- WHAT THIS TASK INVOLVES
With the pictures left out, retype exactly the lines below starting at the line that contains "Loción hidroalcohólica" and ending at the line that contains "2024학년도 대학수학능력시험 6월 모의평가 사회탐구영역".

- RECORDED DATA
*** Block opens ***

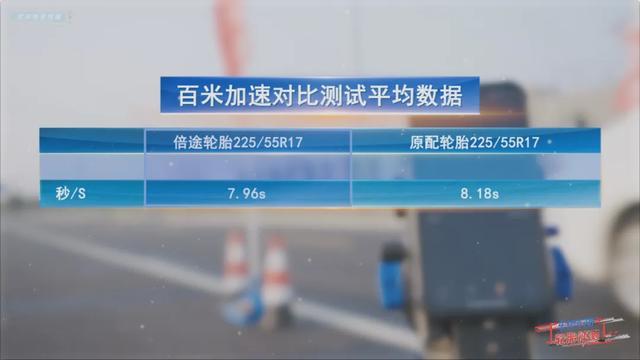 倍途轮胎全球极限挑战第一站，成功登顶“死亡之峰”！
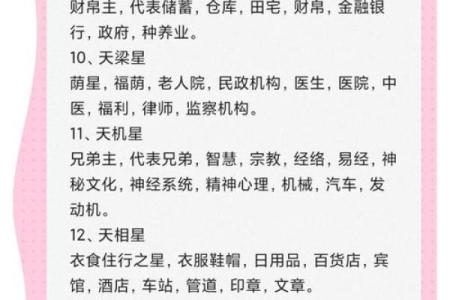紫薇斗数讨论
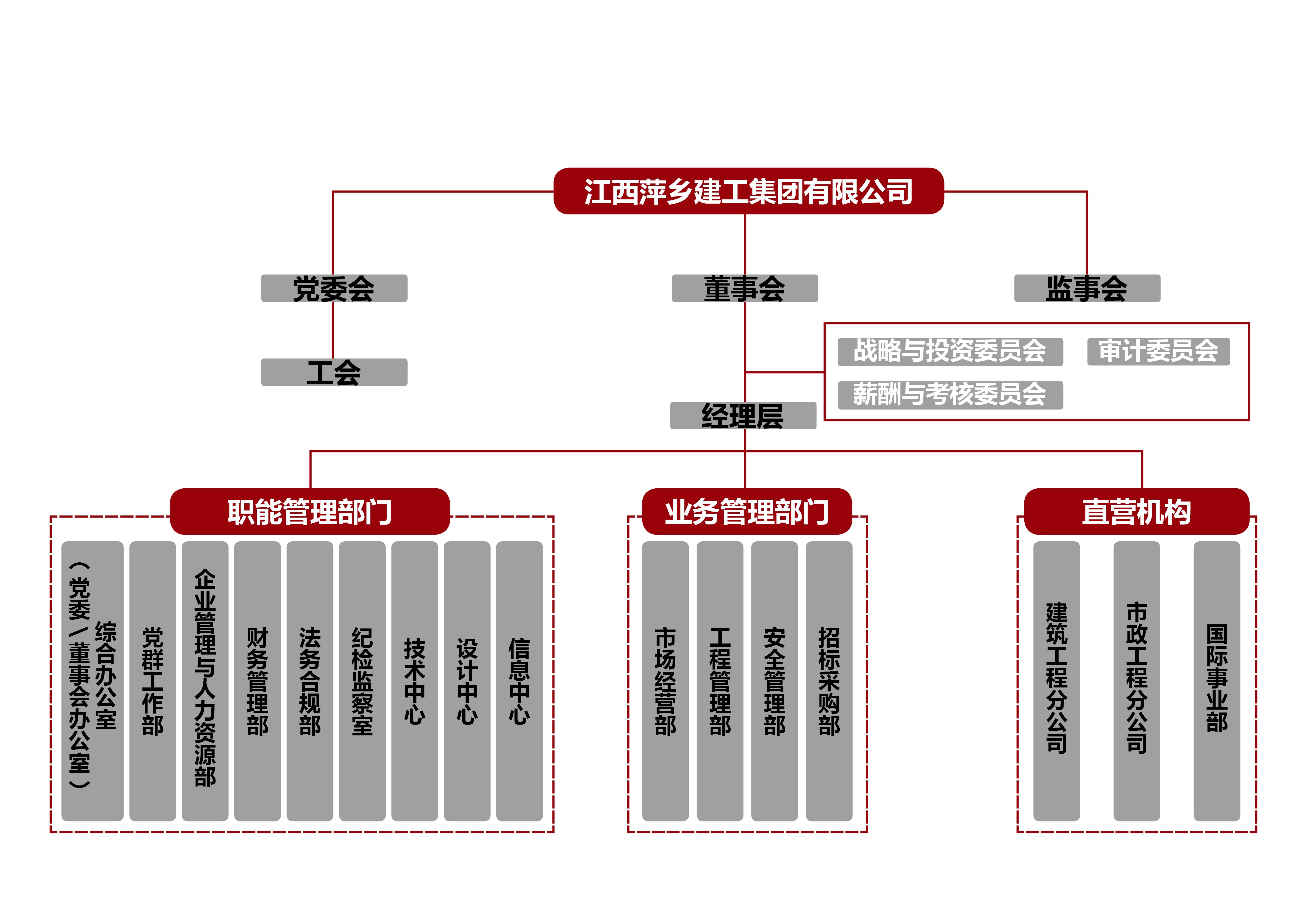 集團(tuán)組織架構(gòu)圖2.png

*** Block closes ***
*** Block opens ***

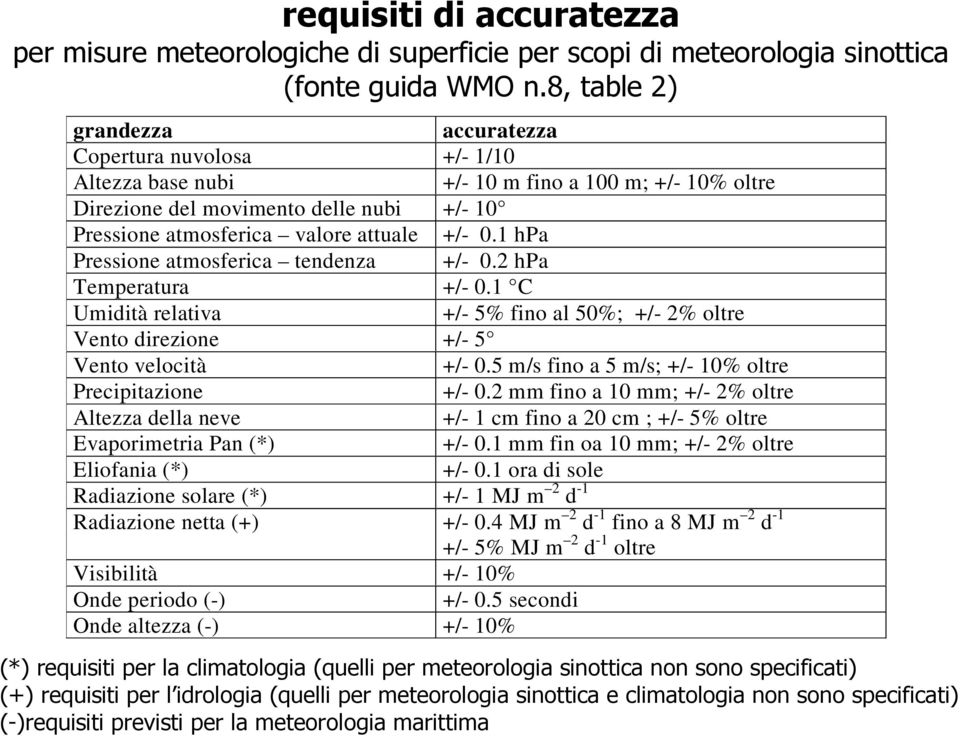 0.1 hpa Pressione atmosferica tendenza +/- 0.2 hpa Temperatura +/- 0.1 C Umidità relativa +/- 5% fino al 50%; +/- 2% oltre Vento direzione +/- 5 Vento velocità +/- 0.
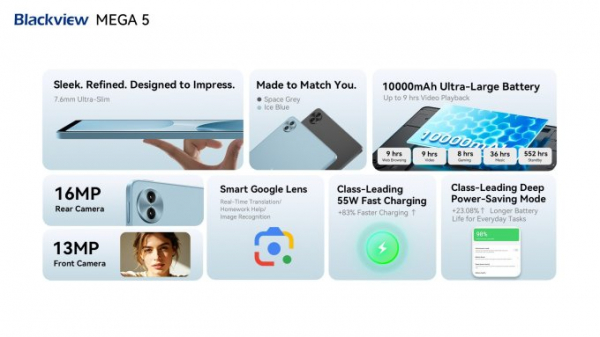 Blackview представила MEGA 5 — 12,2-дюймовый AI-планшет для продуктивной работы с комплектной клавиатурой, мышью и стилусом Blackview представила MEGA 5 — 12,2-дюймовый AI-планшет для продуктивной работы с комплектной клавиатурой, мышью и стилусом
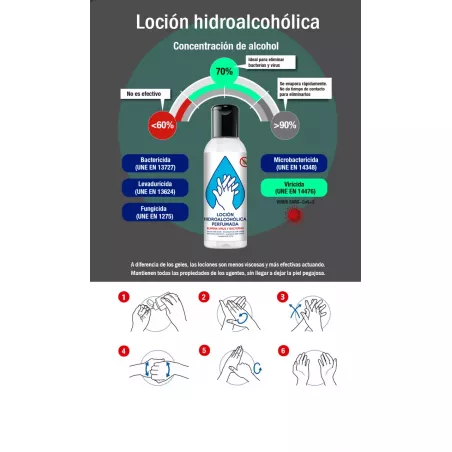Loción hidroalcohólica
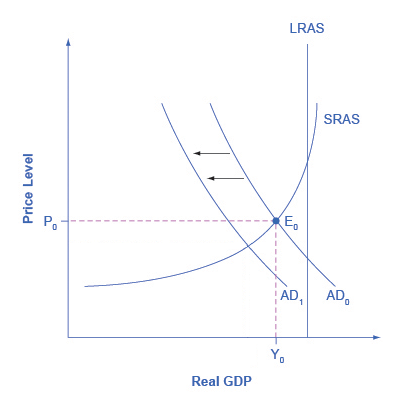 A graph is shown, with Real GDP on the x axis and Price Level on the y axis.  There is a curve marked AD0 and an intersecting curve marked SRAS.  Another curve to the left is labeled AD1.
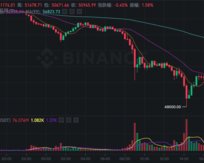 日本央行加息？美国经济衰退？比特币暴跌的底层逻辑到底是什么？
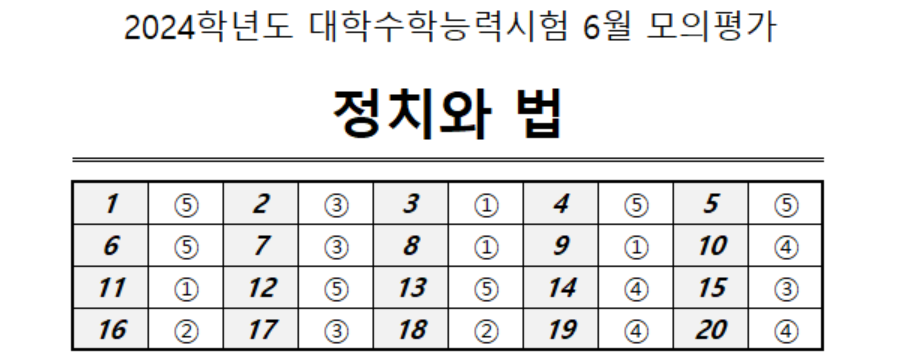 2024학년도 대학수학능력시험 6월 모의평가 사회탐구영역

*** Block closes ***

- TASK ANSWER
Loción hidroalcohólica
 A graph is shown, with Real GDP on the x axis and Price Level on the y axis.  There is a curve marked AD0 and an intersecting curve marked SRAS.  Another curve to the left is labeled AD1.
 日本央行加息？美国经济衰退？比特币暴跌的底层逻辑到底是什么？
 2024학년도 대학수학능력시험 6월 모의평가 사회탐구영역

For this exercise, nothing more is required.